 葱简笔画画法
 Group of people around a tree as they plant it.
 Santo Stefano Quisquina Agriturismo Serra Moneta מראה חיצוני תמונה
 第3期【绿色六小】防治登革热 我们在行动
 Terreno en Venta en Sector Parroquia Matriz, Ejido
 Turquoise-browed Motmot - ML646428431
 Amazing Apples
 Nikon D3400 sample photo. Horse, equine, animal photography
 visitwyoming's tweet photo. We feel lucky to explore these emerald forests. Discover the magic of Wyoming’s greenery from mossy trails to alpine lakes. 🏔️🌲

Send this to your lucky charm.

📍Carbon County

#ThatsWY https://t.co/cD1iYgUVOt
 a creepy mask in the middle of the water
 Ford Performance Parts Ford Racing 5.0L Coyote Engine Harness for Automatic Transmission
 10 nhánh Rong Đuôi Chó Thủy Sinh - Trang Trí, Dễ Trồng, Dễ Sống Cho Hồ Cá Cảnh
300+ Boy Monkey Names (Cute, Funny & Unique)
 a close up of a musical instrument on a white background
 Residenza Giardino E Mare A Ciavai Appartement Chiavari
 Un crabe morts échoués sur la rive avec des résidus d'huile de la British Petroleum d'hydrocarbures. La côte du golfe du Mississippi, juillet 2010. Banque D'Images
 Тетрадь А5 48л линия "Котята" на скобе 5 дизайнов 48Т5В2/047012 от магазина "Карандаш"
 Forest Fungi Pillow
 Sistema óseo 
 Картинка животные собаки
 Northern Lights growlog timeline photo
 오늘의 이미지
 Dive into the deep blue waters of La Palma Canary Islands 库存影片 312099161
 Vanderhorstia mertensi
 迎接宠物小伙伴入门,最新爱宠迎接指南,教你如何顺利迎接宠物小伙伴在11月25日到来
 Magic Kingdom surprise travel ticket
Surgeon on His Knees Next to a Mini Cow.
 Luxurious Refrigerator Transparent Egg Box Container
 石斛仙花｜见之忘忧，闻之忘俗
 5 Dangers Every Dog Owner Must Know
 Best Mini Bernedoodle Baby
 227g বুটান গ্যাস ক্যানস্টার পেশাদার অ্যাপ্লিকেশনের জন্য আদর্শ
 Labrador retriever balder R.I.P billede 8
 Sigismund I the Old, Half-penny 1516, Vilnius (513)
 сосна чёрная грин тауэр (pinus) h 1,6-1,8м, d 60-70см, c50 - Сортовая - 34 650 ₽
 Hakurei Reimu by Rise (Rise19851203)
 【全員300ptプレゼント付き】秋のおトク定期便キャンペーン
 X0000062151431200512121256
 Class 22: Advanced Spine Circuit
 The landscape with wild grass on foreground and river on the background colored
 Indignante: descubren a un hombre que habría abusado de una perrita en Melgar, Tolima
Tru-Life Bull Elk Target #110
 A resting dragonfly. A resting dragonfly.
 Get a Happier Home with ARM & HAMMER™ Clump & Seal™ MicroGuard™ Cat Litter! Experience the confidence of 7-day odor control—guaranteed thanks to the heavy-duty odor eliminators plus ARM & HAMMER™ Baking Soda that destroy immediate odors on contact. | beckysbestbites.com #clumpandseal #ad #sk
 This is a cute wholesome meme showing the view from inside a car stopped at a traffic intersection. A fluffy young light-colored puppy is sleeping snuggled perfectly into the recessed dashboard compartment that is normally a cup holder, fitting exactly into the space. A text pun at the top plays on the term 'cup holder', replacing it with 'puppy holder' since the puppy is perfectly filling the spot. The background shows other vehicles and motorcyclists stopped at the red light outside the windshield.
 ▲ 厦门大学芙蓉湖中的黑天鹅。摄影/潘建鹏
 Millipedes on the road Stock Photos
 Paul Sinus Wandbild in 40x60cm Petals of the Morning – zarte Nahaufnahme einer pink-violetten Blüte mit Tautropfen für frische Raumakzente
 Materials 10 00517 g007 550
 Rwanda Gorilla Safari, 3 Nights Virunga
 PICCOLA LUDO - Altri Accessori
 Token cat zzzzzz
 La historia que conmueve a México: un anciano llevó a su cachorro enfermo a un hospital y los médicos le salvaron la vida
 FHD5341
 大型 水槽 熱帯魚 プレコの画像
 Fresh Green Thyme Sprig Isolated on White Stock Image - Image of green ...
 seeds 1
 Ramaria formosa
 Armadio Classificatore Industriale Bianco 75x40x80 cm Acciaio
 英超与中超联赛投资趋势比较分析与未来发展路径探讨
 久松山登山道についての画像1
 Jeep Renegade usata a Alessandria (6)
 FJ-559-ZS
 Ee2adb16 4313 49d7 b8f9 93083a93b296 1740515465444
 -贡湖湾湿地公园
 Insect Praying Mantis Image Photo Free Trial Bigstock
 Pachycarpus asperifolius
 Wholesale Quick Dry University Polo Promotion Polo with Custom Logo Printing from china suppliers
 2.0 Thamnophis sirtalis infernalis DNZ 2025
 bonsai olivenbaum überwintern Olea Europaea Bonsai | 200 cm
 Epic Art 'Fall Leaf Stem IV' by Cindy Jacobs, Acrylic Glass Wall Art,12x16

- **The problem**
Reproduce the material word for word. Leave nothing out.

- **Answer**
 葱简笔画画法
 Group of people around a tree as they plant it.
 Santo Stefano Quisquina Agriturismo Serra Moneta מראה חיצוני תמונה
 第3期【绿色六小】防治登革热 我们在行动
 Terreno en Venta en Sector Parroquia Matriz, Ejido
 Turquoise-browed Motmot - ML646428431
 Amazing Apples
 Nikon D3400 sample photo. Horse, equine, animal photography
 visitwyoming's tweet photo. We feel lucky to explore these emerald forests. Discover the magic of Wyoming’s greenery from mossy trails to alpine lakes. 🏔️🌲

Send this to your lucky charm.

📍Carbon County

#ThatsWY https://t.co/cD1iYgUVOt
 a creepy mask in the middle of the water
 Ford Performance Parts Ford Racing 5.0L Coyote Engine Harness for Automatic Transmission
 10 nhánh Rong Đuôi Chó Thủy Sinh - Trang Trí, Dễ Trồng, Dễ Sống Cho Hồ Cá Cảnh
300+ Boy Monkey Names (Cute, Funny & Unique)
 a close up of a musical instrument on a white background
 Residenza Giardino E Mare A Ciavai Appartement Chiavari
 Un crabe morts échoués sur la rive avec des résidus d'huile de la British Petroleum d'hydrocarbures. La côte du golfe du Mississippi, juillet 2010. Banque D'Images
 Тетрадь А5 48л линия "Котята" на скобе 5 дизайнов 48Т5В2/047012 от магазина "Карандаш"
 Forest Fungi Pillow
 Sistema óseo 
 Картинка животные собаки
 Northern Lights growlog timeline photo
 오늘의 이미지
 Dive into the deep blue waters of La Palma Canary Islands 库存影片 312099161
 Vanderhorstia mertensi
 迎接宠物小伙伴入门,最新爱宠迎接指南,教你如何顺利迎接宠物小伙伴在11月25日到来
 Magic Kingdom surprise travel ticket
Surgeon on His Knees Next to a Mini Cow.
 Luxurious Refrigerator Transparent Egg Box Container
 石斛仙花｜见之忘忧，闻之忘俗
 5 Dangers Every Dog Owner Must Know
 Best Mini Bernedoodle Baby
 227g বুটান গ্যাস ক্যানস্টার পেশাদার অ্যাপ্লিকেশনের জন্য আদর্শ
 Labrador retriever balder R.I.P billede 8
 Sigismund I the Old, Half-penny 1516, Vilnius (513)
 сосна чёрная грин тауэр (pinus) h 1,6-1,8м, d 60-70см, c50 - Сортовая - 34 650 ₽
 Hakurei Reimu by Rise (Rise19851203)
 【全員300ptプレゼント付き】秋のおトク定期便キャンペーン
 X0000062151431200512121256
 Class 22: Advanced Spine Circuit
 The landscape with wild grass on foreground and river on the background colored
 Indignante: descubren a un hombre que habría abusado de una perrita en Melgar, Tolima
Tru-Life Bull Elk Target #110
 A resting dragonfly. A resting dragonfly.
 Get a Happier Home with ARM & HAMMER™ Clump & Seal™ MicroGuard™ Cat Litter! Experience the confidence of 7-day odor control—guaranteed thanks to the heavy-duty odor eliminators plus ARM & HAMMER™ Baking Soda that destroy immediate odors on contact. | beckysbestbites.com #clumpandseal #ad #sk
 This is a cute wholesome meme showing the view from inside a car stopped at a traffic intersection. A fluffy young light-colored puppy is sleeping snuggled perfectly into the recessed dashboard compartment that is normally a cup holder, fitting exactly into the space. A text pun at the top plays on the term 'cup holder', replacing it with 'puppy holder' since the puppy is perfectly filling the spot. The background shows other vehicles and motorcyclists stopped at the red light outside the windshield.
 ▲ 厦门大学芙蓉湖中的黑天鹅。摄影/潘建鹏
 Millipedes on the road Stock Photos
 Paul Sinus Wandbild in 40x60cm Petals of the Morning – zarte Nahaufnahme einer pink-violetten Blüte mit Tautropfen für frische Raumakzente
 Materials 10 00517 g007 550
 Rwanda Gorilla Safari, 3 Nights Virunga
 PICCOLA LUDO - Altri Accessori
 Token cat zzzzzz
 La historia que conmueve a México: un anciano llevó a su cachorro enfermo a un hospital y los médicos le salvaron la vida
 FHD5341
 大型 水槽 熱帯魚 プレコの画像
 Fresh Green Thyme Sprig Isolated on White Stock Image - Image of green ...
 seeds 1
 Ramaria formosa
 Armadio Classificatore Industriale Bianco 75x40x80 cm Acciaio
 英超与中超联赛投资趋势比较分析与未来发展路径探讨
 久松山登山道についての画像1
 Jeep Renegade usata a Alessandria (6)
 FJ-559-ZS
 Ee2adb16 4313 49d7 b8f9 93083a93b296 1740515465444
 -贡湖湾湿地公园
 Insect Praying Mantis Image Photo Free Trial Bigstock
 Pachycarpus asperifolius
 Wholesale Quick Dry University Polo Promotion Polo with Custom Logo Printing from china suppliers
 2.0 Thamnophis sirtalis infernalis DNZ 2025
 bonsai olivenbaum überwintern Olea Europaea Bonsai | 200 cm
 Epic Art 'Fall Leaf Stem IV' by Cindy Jacobs, Acrylic Glass Wall Art,12x16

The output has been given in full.